An interview with Kickstarter co-founder Yancey Strickler as the service was just getting rolling. Originally published in 2010 in Scion Magazine. Interview by Maud Deitch.

One of the biggest, and often most dream-killingest, challenges facing creative people today isn’t coming up with that million-dollar idea. Rather the real challenge is coming up with the five thousand dollars necessary to make that brilliant brainwave a reality.

In a climate of widespread economic insecurity, the question is not whether or not you want to do something groundbreaking, it’s whether or not you have access to the capital to make it happen. Kickstarter hopes to change that.

Kickstarter is an online fundraising platform for creative projects. Ideas are submitted proposed to the company, and if approved, an explanation of project and a fundraising goal are posted to the site. The creators, Yancey Strickler and Perry Chen, try to take advantage of the vast networks that creative people are able to cultivate using social networks to help the goals get met. Creative gentlemen themselves, Strickler was formerly head of the editorial staff at eMusic, while Chen was a struggling event promoter. After meeting in 2005 and raising capital from their own networks of family and friends, the two saw their idea made into reality in April of 2009 when their platform launched online.
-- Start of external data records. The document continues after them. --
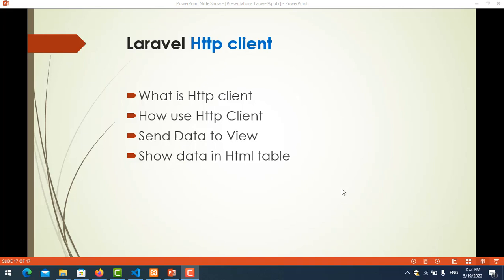Hello everyone. In this video we will learn about HTTP clients. So the first one, what is HTTP client and how to use HTTP client. How to send data to view and show data in HTML tables.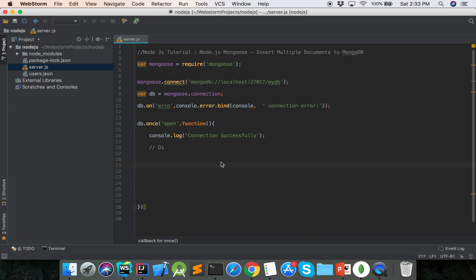Hello viewers, welcome to Node.js tutorial. Today I will show an example of Node.js Mongoose, how to insert multiple documents to MongoDB. At first, need to load the Mongoose package or Mongoose module.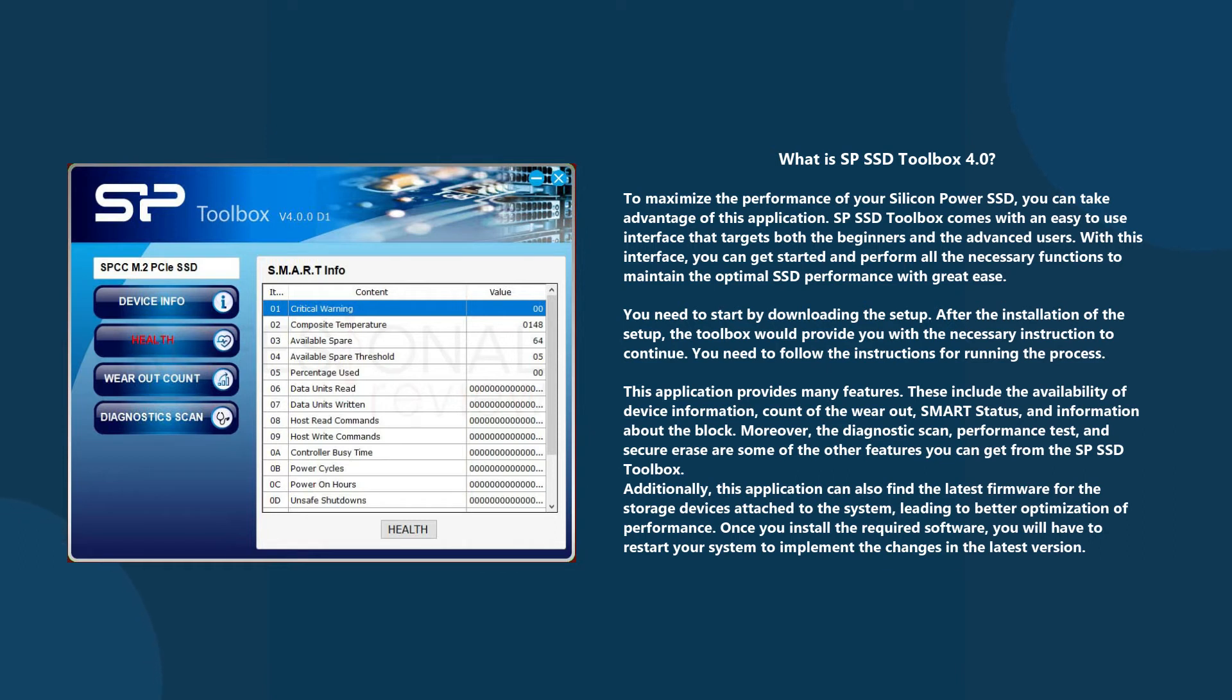You need to start by downloading the setup. After the installation of the setup, the Toolbox will provide you with the necessary instructions to continue. You need to follow the instructions for running the process.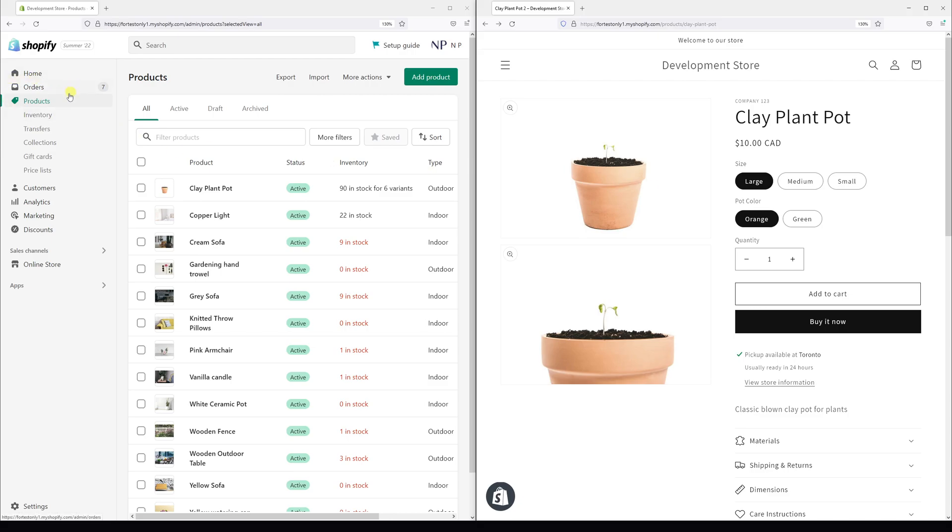First of all, log in to Shopify store, then go to products and click on the product which has multiple variants.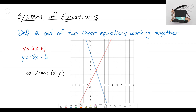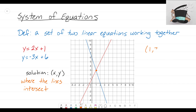The solution to a system of equations, when you graph it, is the point where those two lines intersect. For this problem — y equals 2x plus 1 and y equals negative 3x plus 6 — we can see that these two lines intersect right here at the point (1, 3). That is what we call the solution to this system.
In order to make Kickstarter a sustainable reality, Strickler and Chen developed an all-or-nothing funding rule, stating that a project had reach it’s full funding goal in order to be funded at all. They also decided for every successful project that met its fundraising goal, Kickstarter would receive five percent.

In an interview with Strickler, he explained a little more about how the site got started and what he looks for in a project.
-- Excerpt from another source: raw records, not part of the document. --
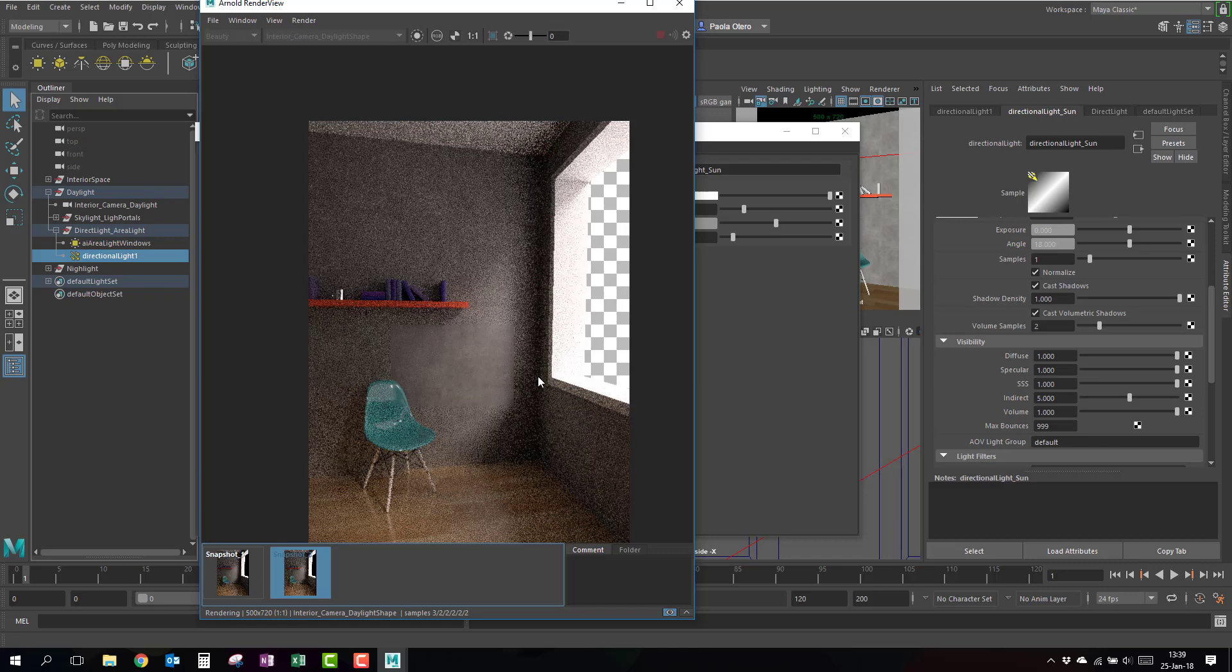All right, so those were the two options for daylight, sky dome and light portals, and directional light and area lights.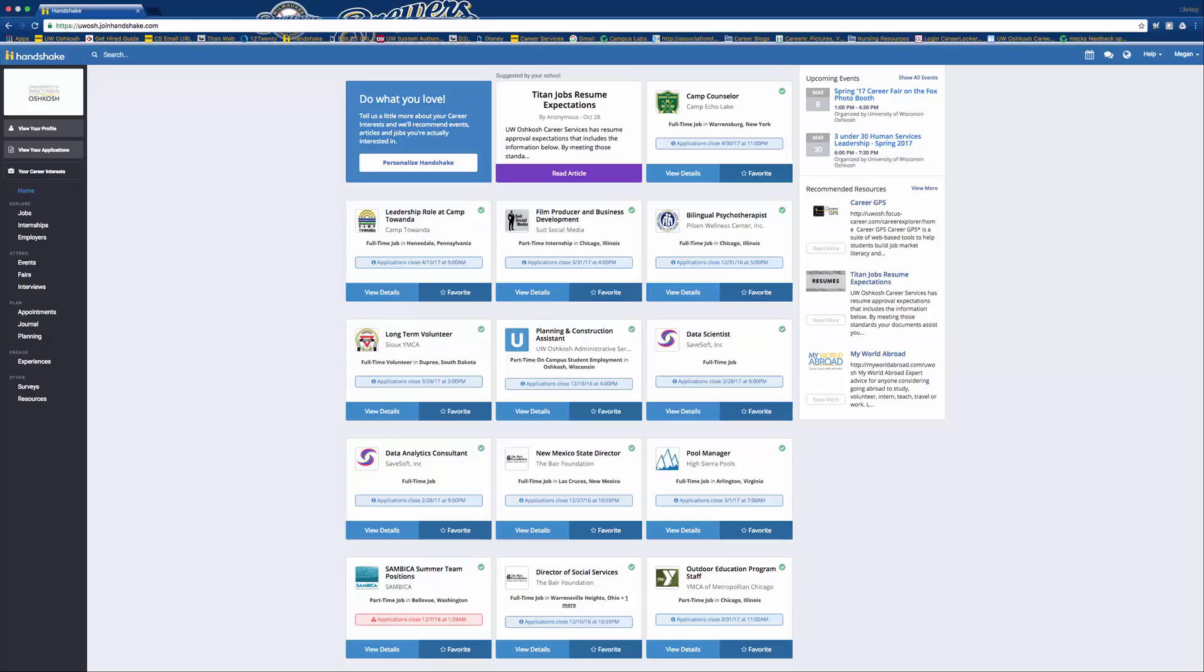This video is going to show you how to search for the Virtual Mock Tool on Titan Jobs. So on your home page, on the right-hand side, you'll see Recommended Resources.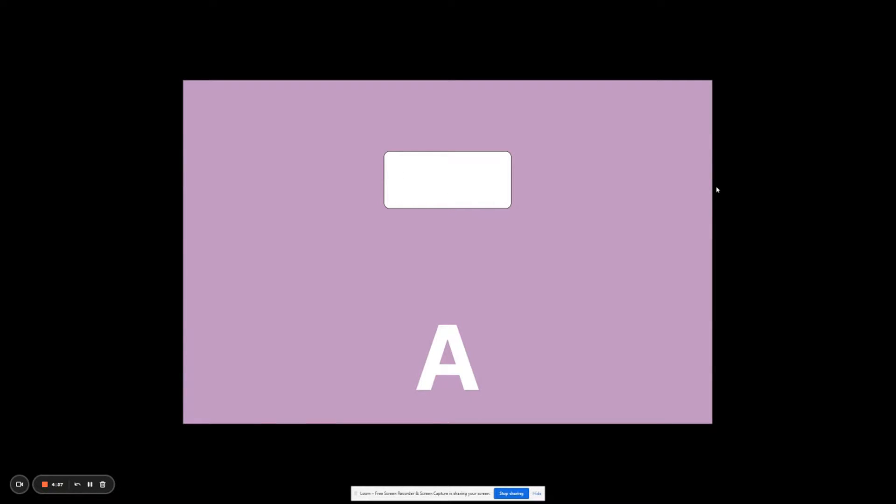What you are seeing here is a blinking text cursor in Figma. The text cursor is continuously blinking inside the input box without me having to click anything. Let me show you how to create it.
How did Kickstarter begin?

My partner Perry Chen first had the idea back in 2002. He was living in New Orleans

and was putting on a concert. He was going to have to front something like 15 or 20

grand to make it happen and he just thought that seemed idiotic. He knew people would be into it, if only he could get people to conditionally pay up front. That way if the goal was met, something happens, and if it’s not, something else happens. The initial idea came out of that, and then he and I started working on this together about five years ago. We’d just met in Brooklyn, where I was a regular at Diner in Williamsburg. He was a waiter at that restaurant, and we became friends, and then we started working together.

We had this idea for the conditional purchase and the idea of applying it to creative projects. Feeding creativity came very naturally to us because that’s the world that we come from. Just looking around at all of our friends and ourselves we saw that everyone was trying to get money and it’s really, really hard. Most of the traditional funding opportunities are looking for a return on their investment or they want to own your work or they want to make lunch boxes and sequels out of it. Or they want to do all of these things that have no relation to the actual art of what the person’s doing or their motivation or anything like that. It was just very clear that there was something extremely broken and that is where Kickstarter came from.

Did you always think that the internet was the only vehicle for this?

An interesting thing is that when we first started working on this really in earnest, there was no social media. There wasn’t a Facebook or a Twitter or any of these things. It’s a very obvious thing, but now we all have a broadcast platform. This is the first time in history that this has been the case, and so it ends up that we continually gather these friends and followers and things without any clear idea of what we’re going to do with them. But it turns out that a really good application for them is raising money.

The beauty of Kickstarter is that it just sits on the back of these existing networks, and since most projects are funded by people with some kind of relation to the people who started them, you know there’s the people who care about it and are wiling to take a chance. Only after you’ve built a movement of those people do you start to see strangers start to pop in and get involved. But the internet is just super powerful for something like this, and its just so easy to share and so that makes a lot of sense.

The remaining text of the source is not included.